A writ of entry to recover a lot of land, upon which, April 30, 1855, the demandant duly levied his execution against Nathaniel D. Richardson, as his estate.

Richardson and Clarissa, his wife, were married in the summer of 1842, and are now living. In October, 1842, William King conveyed the demanded premises to Richardson’s wife, and she, by her deeds of Oct. 21, 1846, and of March 12, 1853, in which deeds her husband did not join her, conveyed the same premises; under which deeds from her, through mesne conveyances, the tenant derives his title.. When William King conveyed the land to the wife, her husband acquired therein a life estate. He became seized of the freehold, the usufruct was his during their joint lives. He had a lawful right to sell and convey his life estate. It was liable to be taken in execution for his debts. Litchfield v. Cudworih, 15 Pick. 23. The life estate was the husband’s freehold. The inheritance belonged to the wife.
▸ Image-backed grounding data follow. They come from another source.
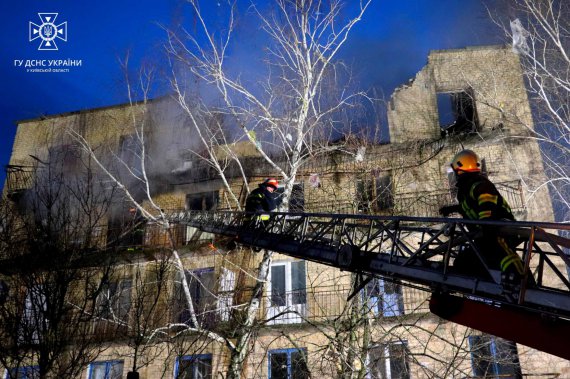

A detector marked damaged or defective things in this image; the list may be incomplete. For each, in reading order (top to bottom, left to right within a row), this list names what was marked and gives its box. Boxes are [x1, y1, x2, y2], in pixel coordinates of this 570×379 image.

broken window [438, 89, 478, 137]
broken window [356, 172, 390, 214]
broken window [368, 342, 408, 378]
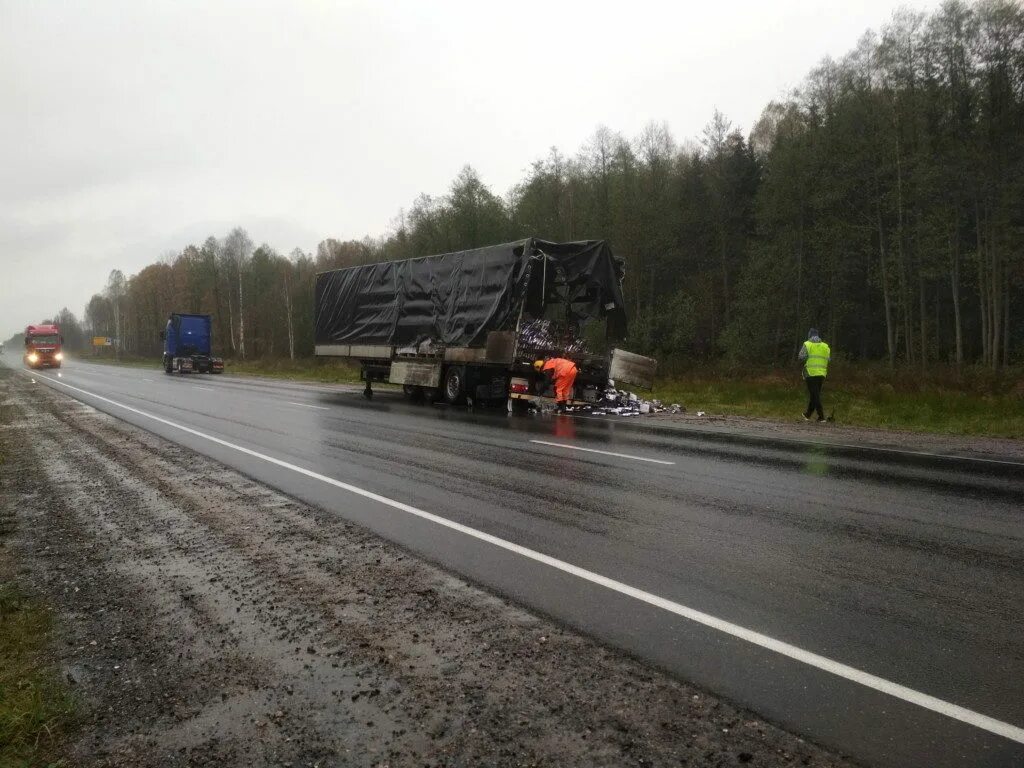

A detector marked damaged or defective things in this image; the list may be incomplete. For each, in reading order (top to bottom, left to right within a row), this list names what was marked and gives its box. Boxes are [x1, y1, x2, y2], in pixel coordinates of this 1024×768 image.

damaged trailer [312, 237, 660, 412]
Such was the law when Clarissa Richardson received her deed from William King, and her husband’s rights therein were perfected simultaneously with hers, and those rights are not affected by the provisions of the statute of 1844, c.,117, entitled “an Act to secure to married women their rights of property,” nor by the subsequent additional and amendatory statutes upon that subject, which were all enacted after the rights of Richardson and his wife, in the demanded premises, had been established under the laws existing at the date of William King’s deed to her. And, besides, her deed of Oct. 21,1846, was void, because, being a married woman, she had no power at that time, in such case, to convey her land separate from her husband; and the statute of 1852, c. 227, only authorized the wife’s separate deed of estates acquired subsequent to the Act of 1844, c. 117. Hence, her deed of March 12, 1853, being a deed of real estate acquired previous to 1844, was unauthorized by the statute, and therefore void.

The statute of February 12, 1855, c. 120, provided that, “ any married woman seized and possessed in her own right of any real estate situated within this State, (might) sell, convey and dispose of the same by her separate deed in her own name,” and that “no action shall be maintained by the husband of any such married woman, or by any person claiming under or through him, for the possession or value of any property held or disposed of by her, as aforesaid,” and the defendant’s counsel insists that this action is thereby prohibited.

The- deeds of the wife being inoperative, as before stated, the tenant shows no title. But, the tenant being in possession, the demandant cannot disturb him, unless he shows title, in himself, and this he has done. The demandant shows title by his levy, to the husband’s life estate. The wife did not hold it; she was not “ seized and possessed ”, of her husband’s life estate, his freehold, of which he was seized. She could not join him in a suit for an injury, to the profits of the lapd. 2 Kent’s Com. 131. If he had sold and conveyed it, she could not lawfully enter or interrupt his grantee’s possession during her husband’s life. Mellus v. Snowman, 21 Maine, 201.

Tenant defaulted.

Tenney, O. J., Rice, Appleton, May, and Davis, J. J., concurred.